Peanut Brownie Sables
Adapted from Dorie Greenspan’s Dorie’s Cookies
Yield: 36-40 cookies
For sable dough:
- 1 cup gluten-free OR all-purpose flour
- 1/2 teaspoon baking powder
- 7 tablespoons unsalted butter, at room temperature
- 2 tablespoons natural peanut (peanuts-only) butter, smooth or crunchy
- 1/2 cup sugar
- 1/4 teaspoon fleur de sel OR pinch of fine sea salt
- 2 large egg yolks, at room temperature
- 3/4 cup honey roasted peanuts, coarsely chopped OR salted peanuts, toasted and coarsely chopped
For brownie batter:
- 2/3 cup gluten-free OR all-purpose flour
- 1/4 cup unsweetened cocoa powder
- 1/4 teaspoon fleur de sel OR pinch of fine sea salt
- 1/2 cup light brown sugar OR 1/2 cup white sugar+dollop molasses
- 4 tablespoons (1/2 stick) cold unsalted butter, cut into 16 pieces
- 1 large egg, lightly beaten
- 6 oz bittersweet chocolate, finely chopped
- Center a rack in the oven and preheat to 350ºF. Line two baking sheets with parchment paper.
- Make sable dough first: In a stand mixer fitted with the paddle attachment or in a large bowl with a hand mixer, beat butter and peanut butter together on low speed until smooth and creamy, about 2 minutes.
- Add sugar and salt, and beat for 2 minutes.

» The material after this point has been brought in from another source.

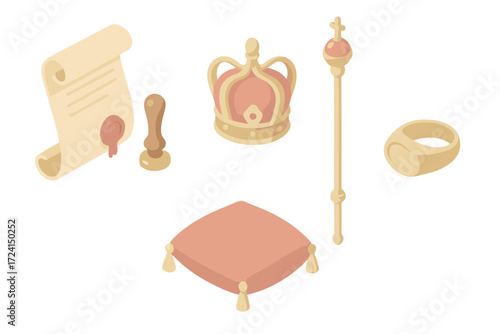 Royal Artifacts Illustration. Isometric vector illustration set Historic decree: royal scroll, wax seal stamp, scepter, crown,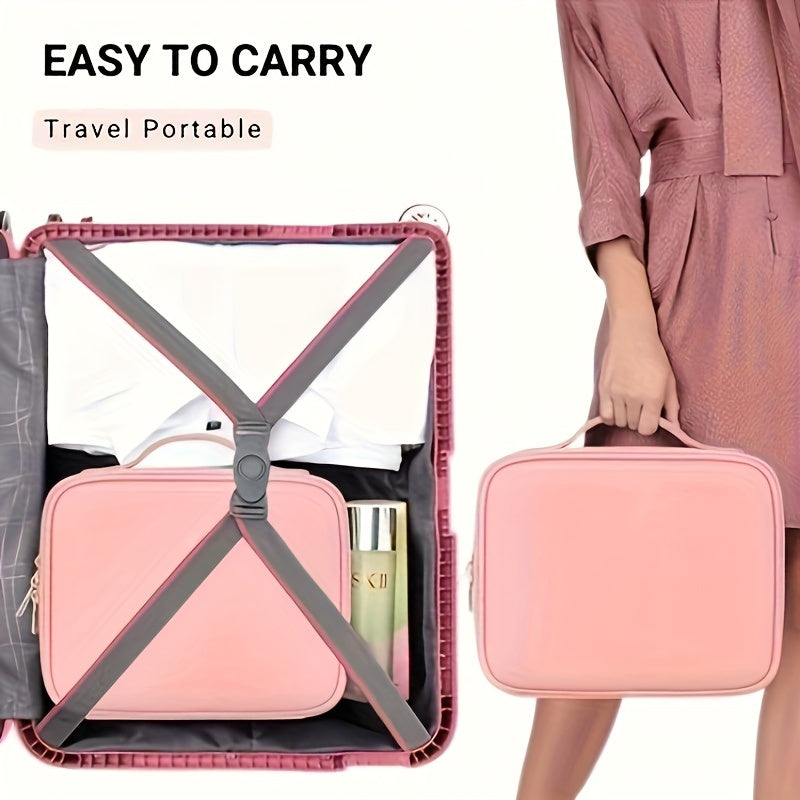 Valigia rosa compatta da viaggio, facile da trasportare, con cinghie di sicurezza. Ideale per organizzare vestiti e accessori.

- Add yolks one at a time, beating 1 minute after each one. Scrape down sides of bowl as needed.
- Mix in baking powder.
- Turn off mixer, add all the flour, and stir it in partway so it won’t fly everywhere.
- Beat in flour on low speed. (If you’re using all-purpose flour, beat only until flour is almost all incorporated.)
- Add peanuts and mix on low speed until dry ingredients all disappear and peanuts are evenly distributed.
- Scrape dough into another bowl and set aside. Don’t bother washing the mixer bowl.
- Make the brownie batter: Using a rubber spatula, stir together flour, cocoa powder, and salt in mixer bowl or large bowl.
- Add brown sugar OR white sugar+dollop molasses. Pulse mixer to combine.
- Add butter bits and mix on low speed until ingredients are fully blended, about 2 minutes. The mixture looks a little like damp sand, and you might have some crumbs and clumps.
- Add beaten egg and mix on low speed until batter resembles fudge frosting.
- Add chopped chocolate and pulse to mix it in.
- Scrape sable dough back into the bowl with the brownie batter and mix on low speed until homogeneous.
- Drop dough in rounded tablespoonfuls on baking sheets, spacing cookies 2 inches apart.
- Use either your fingers or the bottom of a jar or glass (covered in plastic wrap) to press each cookie down gently, just enough to level the tops of the mounds.
- Bake cookies one sheet at a time, 12 minutes if gluten free, 10 minutes if not. They will be set at the edges and soft in the centers when prodded lightly with a fork. They will look uniformly dull.
- Cool cookies completely on baking sheet on a rack. They will firm as they cool.
- Repeat with second batch.
- Cookies can be stored in a covered container at room temperature for up to 3 days. Packed airtight, they can be stored in the freezer for up to 2 months.